As I get older, I feel more and more like a female athlete

Updated: Mar 27


This article about how it feels to be a female athlete was first published in 2012. Ten years have passed, and given how sensitively woke and sexually confused society is these days, I feel it is more relevant than ever and underscores how over-the-top we have gone. For example, the College of Midwives now calls pregnant women "pregnant people", and breastfeeding is now known as chestfeeding. In Oregon, USA, schools are mandated to provide tampons in the boy's bathrooms at a cost of 5.1 million. Closer to home, men who identify as women can flout their penises in the women's changing rooms of Dunedin's Moana Pool. In my opinion, penis-waving people should be directed to use the unisex cubicles in deference to our females.


There seems to be a full-on attack on traditional definitions of a woman or a man. As a partner, father, brother and grandfather to XX-endowed people, what I find more egregious is the woke activists encroaching on what were once safe spaces for these individuals. These activists are a very small minority who have infiltrated academia and institutions of governance, and their weapons include distorting and manipulating language. They are bullies, and we are letting them have their way. It is time we turfed them out of the positions of power that they are hogging. I say "no" to them, beginning with refusing to use their language.
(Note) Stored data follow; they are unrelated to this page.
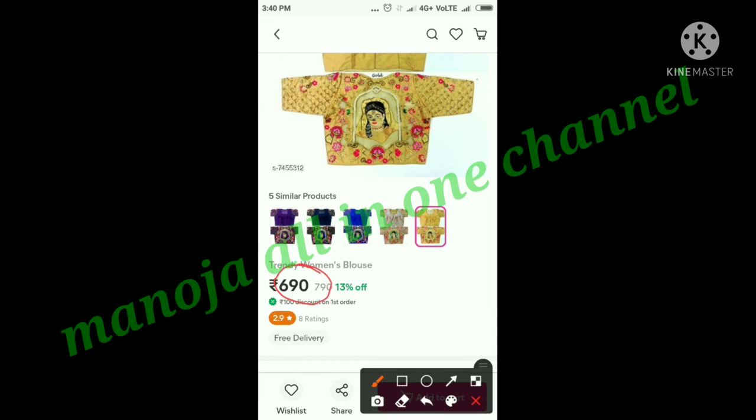Easy return and exchange. If you want to use this blouse, you can use the return and exchange option.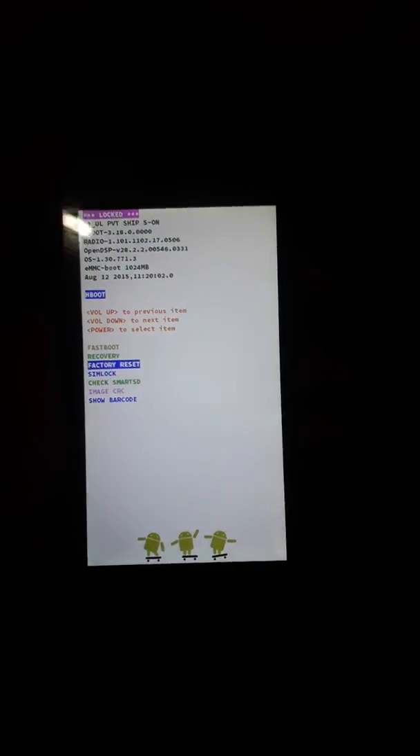So this is how you reset an HTC Desire 610. Thank you for watching.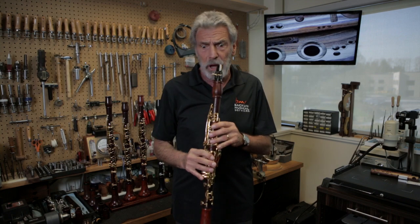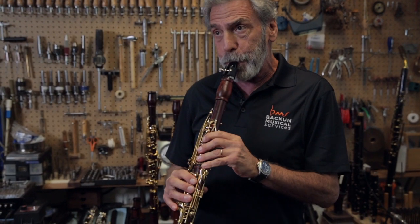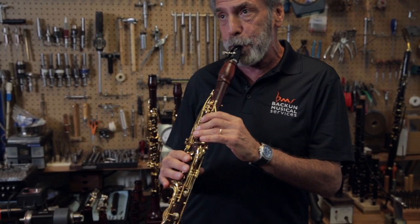A C major scale is a jazz scale. So when you start thinking you need something special in order to sound jazzy, you could just play... jazz scale.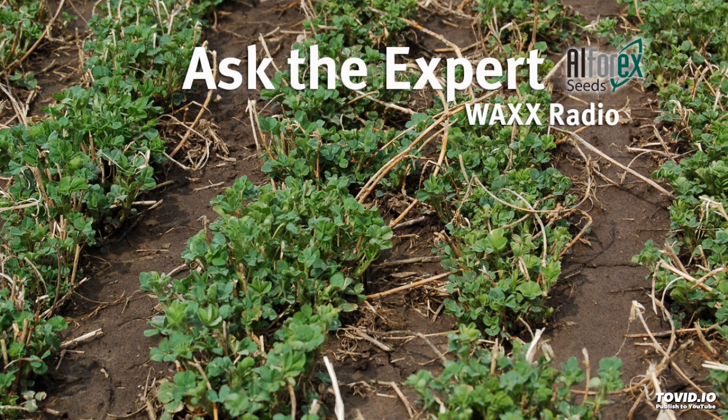Also, you need to monitor for insects. Don't let insects surprise you and hurt that stand. When that stand's young, it doesn't take very many insects to really kill some seedlings. So get out there and monitor and make sure that you don't have a weed problem or an insect problem that's going to affect the establishment of that new stand.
What follows is the original article with some minor corrections.


 

As I get older, I feel more and more like a female athlete

(First published 2012)


My teenage daughter, Myra, had won a mountain bike race. I wrote this to the race director a few days later:

"...if you’re going to split the men and women into two separate pools for each grade and then congratulate the winners, shouldn't you also be congratulating the winning women?"

Lorraine Moller Running
Lorraine: Commonwealth Games 1982

To his credit, the race organiser apologised profusely to this disgruntled female participant and put the record straight. His oversight of the women was merely a habit of times past. But this recent exchange got me thinking. Hence this article. For the best part of 28 years, I assisted my sister, Lorraine, with her never-ending battles against male chauvinism and age discrimination (ageism) in sports. I can recall assisting Lorraine, around about 1980'ish, with applying to the corruptly managed NZ Sports Foundation for a grant of less than $1,000 to help her with putting food on the table and covering her dental and medical bills (The Foundation's Founding CEO, Keith Hancox, was later jailed for fraud in 1992 for embezzling the money meant for the athletes). She was close to broke, despite being one of the best runners in the World. It was degrading, in my opinion, and pained me to see my sister having to struggle for the basics.

Female track athletes
When New Zealand women ruled Athletics.

The historic showdown between professionalism and amateurism in Olympic sports came to a head at the now infamous "Cascade Runoff" (1981) In retrospect, it was hardly surprising that it was the three female winners, Kiwi runners Anne Audain, Allison Roe and Lorraine Moller, who defiantly waved their paychecks in the air leading the movement to end “shamateurism” and ensure the right of all athletes to be self-determined. But while our women were at the forefront of a world-changing revolution, where were our champion men? Cynics, like me, argued that they had no great motivation to change a system that catered to the established male stars. Under the table payments, expenses paid, and all the publicity suited them fine. In the same vein as the Kiwi suffragettes of the late 1800s, these three women pulled off a system revamp and secured their right to earn a legitimate living for all runners.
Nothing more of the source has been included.